A child has special educational needs/disabilities (SEND) if he or she has learning difficulties or disabilities that make it harder for him or her to learn than most other children of about the same age.
Many children will have special educational needs of some kind during their education. Schools and other organisations can help most children overcome the barriers their difficulties present quickly and easily. A few children will need extra help for some or all of their time in school.
Special educational needs could mean that a child has difficulty with:
- Communication and interaction in expressing themselves or understanding what others are saying.
- Cognition and learning- in acquiring basic skills in school. (Reading, writing, number work or understanding information).
- Social emotional and mental health – making friends or relating to adults properly or any other aspect that may affect mood, behaviour or thinking.
- Sensory and/or physical needs – which may slow down a child’s progress and/or involves a treatment that affects their education.
Children make progress at different rates and have different ways in which they learn best. Teachers at The James Hornsby School take account of this in the way they organise their lessons and teach – using a range of strategies to ensure all students can access the curriculum. Children making slower progress or having particular difficulties in one area may be given extra help or different lessons to help them succeed.

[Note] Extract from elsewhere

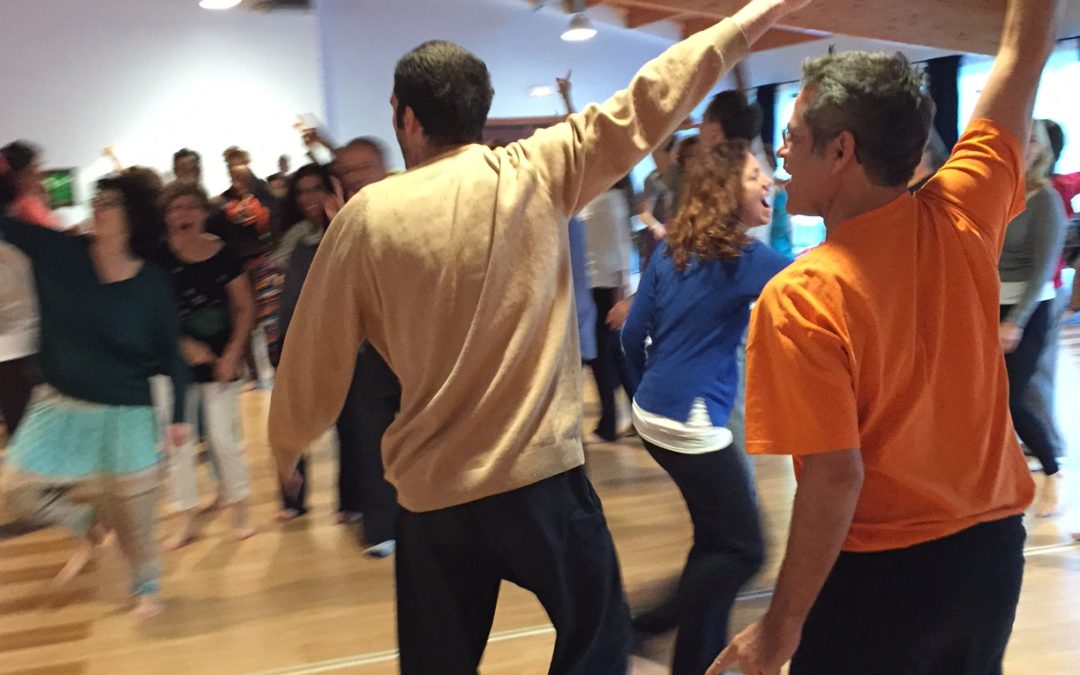 COMIENZO DE CLASES DE MOVIMIENTO EXPRESIVO RÍO ABIERTO EN OCTUBRE, NUEVO LUGAR Y HORARIO!.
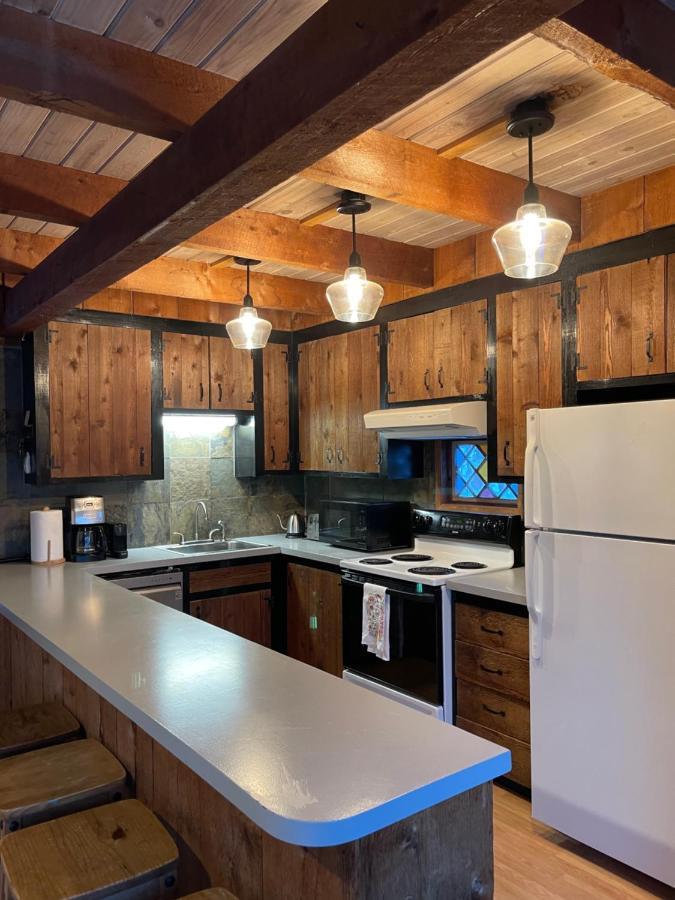Mandy'S Mountain Chalet Dover Экстерьер фото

As a school we measure children’s progress in learning against National expectations and age related expectations. The class teachers continually assess each child and note areas where they are improving and where further support is needed. As a school, we track children’s progress from entry through to Year 11, using a variety of different methods and assessment tools.
Children who are not making expected progress are picked up within departments through our regular progress tracking methods. Discussions take place within the department in the first instance and with the SENCo and Head of College as necessary concerning why individual children are experiencing difficulty and what further support can be given to aid their progression.